Exercise prompt: Repeat the whole listing exactly, leaving nothing out.

Source data:
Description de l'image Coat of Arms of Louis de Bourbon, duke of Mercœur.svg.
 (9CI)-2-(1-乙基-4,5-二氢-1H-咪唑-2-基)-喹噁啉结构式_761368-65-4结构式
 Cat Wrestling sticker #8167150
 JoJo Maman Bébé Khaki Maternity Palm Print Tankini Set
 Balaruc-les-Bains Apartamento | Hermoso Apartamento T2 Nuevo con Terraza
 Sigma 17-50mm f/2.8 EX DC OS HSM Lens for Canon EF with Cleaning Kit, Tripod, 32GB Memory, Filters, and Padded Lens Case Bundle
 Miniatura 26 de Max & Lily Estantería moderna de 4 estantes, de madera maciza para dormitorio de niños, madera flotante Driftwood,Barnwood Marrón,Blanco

Output:
Description de l'image Coat of Arms of Louis de Bourbon, duke of Mercœur.svg.
 (9CI)-2-(1-乙基-4,5-二氢-1H-咪唑-2-基)-喹噁啉结构式_761368-65-4结构式
 Cat Wrestling sticker #8167150
 JoJo Maman Bébé Khaki Maternity Palm Print Tankini Set
 Balaruc-les-Bains Apartamento | Hermoso Apartamento T2 Nuevo con Terraza
 Sigma 17-50mm f/2.8 EX DC OS HSM Lens for Canon EF with Cleaning Kit, Tripod, 32GB Memory, Filters, and Padded Lens Case Bundle
 Miniatura 26 de Max & Lily Estantería moderna de 4 estantes, de madera maciza para dormitorio de niños, madera flotante Driftwood,Barnwood Marrón,Blanco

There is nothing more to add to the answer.